Il personale intervenuto presso lo stabilimento verificava che lo scarico era in atto e dal depuratore dell’azienda si immetteva nella rete fognaria.

In tale frangente, dunque, era indubitabile la condizione d’urgenza che legittimava pienamente l’applicazione della misura poi convalidata dal G.I.P..

L’ordinanza impugnata è poi immune da censure anche per quanto riguarda la riconosciuta mancanza di autorizzazione allo scarico.

Viene evidenziato, infatti, che l’unico atto abilitativo conseguito dall’insediamento era un’autorizzazione datata 23 febbraio 1996, con validità fissata in quattro anni e mai rinnovata, anche se veniva esibito un sollecito diretto all’amministrazione comunale il 28 giugno 2005 e rimasto senza riscontro.
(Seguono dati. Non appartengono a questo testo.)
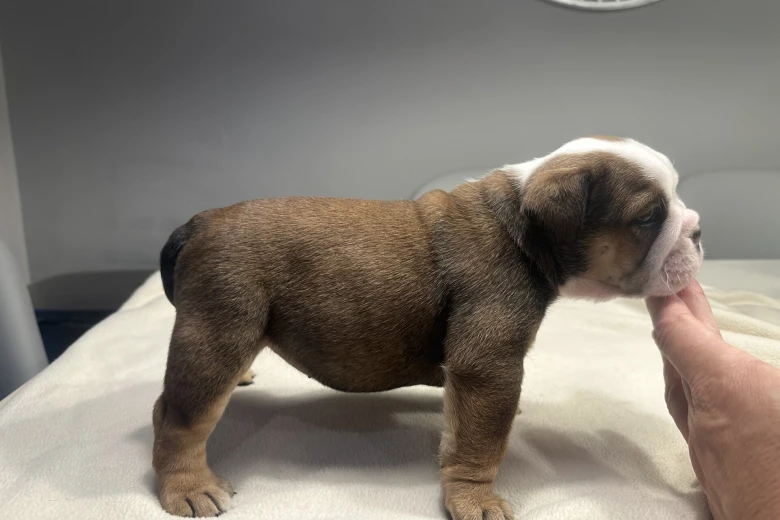 English Bulldog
Ciò posto, deve rilevarsi che, con riferimento allo scarico in questione, doveva applicarsi la disciplina transitoria fissata dal D.Lgs. n. 152 del 1999, art. 62, comma 11 che, per l’adeguamento degli scarichi esistenti alla data di entrata in vigore del decreto, muniti o meno di autorizzazione, prevedeva termini specifici ormai scaduti all’atto del controllo da parte della polizia giudiziaria.

Correttamente, dunque, il Tribunale ha ritenuto lo scarico non autorizzato, ai fini della valutazione della legittimità della misura reale, a nulla rilevando la presentazione di reiterate istanze di rinnovo, rimaste senza esito, di un’autorizzazione rilasciata da oltre un decennio.

Non poteva inoltre ritenersi applicabile, nella fattispecie, il disposto dell’art. 124, comma 8, che consente il mantenimento provvisorio degli scarichi per i quali sia stato tempestivamente richiesto il rinnovo dell’autorizzazione.

Il rilascio del titolo abilitativo, invero, presuppone una serie di adempimenti quali, ad esempio, il versamento della somma di cui all’art. 124, comma 11, e l’indicazione delle caratteristiche dello scarico e di controlli che caratterizzano lo specifico procedimento amministrativo che non può certo ritenersi neppure iniziato in presenza di una generica richiesta di rinnovo o di un mero sollecito.

Il Tribunale ha inoltre fatto buon uso delle disposizioni e dei principi applicati riconoscendo la regolarità del campionamento.

A prescindere dal fatto che la legittimità dell’operato degli accertatori potrà essere oggetto di esame nel giudizio di merito, va ricordato che anche le disposizioni vigenti, nell’indicare le modalità di campionamento, non stabiliscono alcun criterio legale di valutazione della prova, limitandosi a specificare che la metodica normale è quella del campionamento medio ma non escludendo che l’organo di controllo possa procedere con modalità diverse di campionamento, anche istantaneo, in situazioni particolari.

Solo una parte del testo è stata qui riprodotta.